▸ **What the task asks**: Only the closing part of the listing is wanted: reproduce exactly the line containing "SWIRL LEAF PRINT BURNOUT TOP BUTTON PLEA" and all lines below it.

▸ **Data excerpts**:
┄┄┄┄┄┄┄┄┄┄┄┄┄┄┄┄┄┄┄┄

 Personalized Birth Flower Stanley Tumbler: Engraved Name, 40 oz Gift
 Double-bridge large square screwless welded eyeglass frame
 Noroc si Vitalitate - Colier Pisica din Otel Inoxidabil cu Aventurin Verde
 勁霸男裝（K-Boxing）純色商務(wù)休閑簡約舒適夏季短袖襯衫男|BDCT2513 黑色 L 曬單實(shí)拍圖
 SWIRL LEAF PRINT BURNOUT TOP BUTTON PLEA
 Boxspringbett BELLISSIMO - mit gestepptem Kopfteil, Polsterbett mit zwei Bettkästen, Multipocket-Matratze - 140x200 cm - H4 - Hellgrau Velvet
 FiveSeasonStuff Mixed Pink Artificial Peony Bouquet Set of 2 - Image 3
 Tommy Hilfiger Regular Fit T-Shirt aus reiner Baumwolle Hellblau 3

┄┄┄┄┄┄┄┄┄┄┄┄┄┄┄┄┄┄┄┄

▸ **Result**:
 SWIRL LEAF PRINT BURNOUT TOP BUTTON PLEA
 Boxspringbett BELLISSIMO - mit gestepptem Kopfteil, Polsterbett mit zwei Bettkästen, Multipocket-Matratze - 140x200 cm - H4 - Hellgrau Velvet
 FiveSeasonStuff Mixed Pink Artificial Peony Bouquet Set of 2 - Image 3
 Tommy Hilfiger Regular Fit T-Shirt aus reiner Baumwolle Hellblau 3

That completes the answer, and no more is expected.